Well, that's how I compare things, as per the purple-prose example above. I'll put the board I intend to use in the first column as my master, and that way the component numbering is more easily followed if I mod something to have another circuits' values. While I'm building I can refer back to my table & notes easily, helps cut down on mistakes creeping in while making mods.

For the table, inserting a line break every 5 or 10 rows on large tables makes it easier on the eyes and easier to find/keep-track of component values and reduces errors.
A single or double line break goes between each type of component: resistors and caps, pots, ICs.
Sometimes I'll even alternate the background colour if it's a big table, again helping keep things organised visually.

Caps is usually where I find more variance between schematics, resistors less so. Differences in pot tapers are common, and pot values too.



Anyway, I found it interesting that just comparing the first few components between two PCB suppliers' schematics has already turned up several anomalies. Which supplier is correct about which is the "Bright" and which is the "Normal" channel? I don't know, I haven't compared the above two schematics/circuits completely yet, nor compared them to the original "Model T" schematic. Does it even matter that they differ as to which JFET gets the resistor/cap while the other channel's JFET goes straight to ground if both circuits work and each Bright channel sounds more trebley than the normal channel?
Again, I don't know, I'm not a circuit designer.

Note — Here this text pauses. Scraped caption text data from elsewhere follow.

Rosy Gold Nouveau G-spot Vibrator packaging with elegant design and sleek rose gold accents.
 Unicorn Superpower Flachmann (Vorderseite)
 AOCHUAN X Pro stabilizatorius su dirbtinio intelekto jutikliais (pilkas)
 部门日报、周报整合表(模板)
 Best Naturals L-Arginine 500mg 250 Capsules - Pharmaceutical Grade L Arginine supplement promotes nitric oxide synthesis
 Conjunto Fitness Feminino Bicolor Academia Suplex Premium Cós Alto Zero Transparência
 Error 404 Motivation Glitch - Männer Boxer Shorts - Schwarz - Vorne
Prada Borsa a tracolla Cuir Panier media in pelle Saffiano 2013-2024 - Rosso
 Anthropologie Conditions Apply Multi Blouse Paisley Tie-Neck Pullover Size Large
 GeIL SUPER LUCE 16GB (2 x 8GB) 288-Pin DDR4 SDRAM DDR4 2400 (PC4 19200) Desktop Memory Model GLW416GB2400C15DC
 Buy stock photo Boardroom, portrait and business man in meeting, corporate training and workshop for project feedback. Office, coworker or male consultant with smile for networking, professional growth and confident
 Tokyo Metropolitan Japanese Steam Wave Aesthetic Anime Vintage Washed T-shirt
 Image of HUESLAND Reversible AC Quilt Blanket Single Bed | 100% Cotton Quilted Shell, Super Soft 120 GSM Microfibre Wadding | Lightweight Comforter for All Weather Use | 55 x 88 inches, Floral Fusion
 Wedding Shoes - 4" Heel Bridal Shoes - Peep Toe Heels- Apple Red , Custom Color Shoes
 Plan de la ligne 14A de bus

How you get from A to B doesn't matter, unless you're low on GAS!


PedalPCB is accurate to the original circuits, from what I've seen, but some other PCB suppliers not so much. I've found reverse HPF and LPF a lot — putting a cap before the resistor or after the resistor can potentially make a huge difference in sound, no? In a simple DOD 250 circuit, reversing the order of two components like that would, IMO, potentially make a significant difference in the way the pedal sounds or the way a pot behaves etc. Could be an improvement over the original circuit, a mistake, or an intentional change so as not to be a "clone"... whatever the reason, I like to know if it's original and if not then why it's not. I'm always looking to learn something new.

Hope the above helps somebody.


----------



## Dali (May 5, 2021)

Feral Feline said:


> Don't be so modest, sure you're good enough! You've been here longer than I have.  😸


Look again at my signature.

I'm still not sure what a diode do... (please don't answer me).


----------



## fig (May 27, 2021)

Don't forget Wilkie1s . It specs J201s.


----------



## mdc (May 27, 2021)

I think the big difference between the approach of the ModelFET and other sunn-ish pedals is that the ModelFET attempts to model the power section as opposed to just the preamp.


----------



## vlad7329 (Aug 28, 2022)

Has anyone checked the schematic from the builddoc?

I want to make my own board, but would appreciate verification on whether it works as intended


----------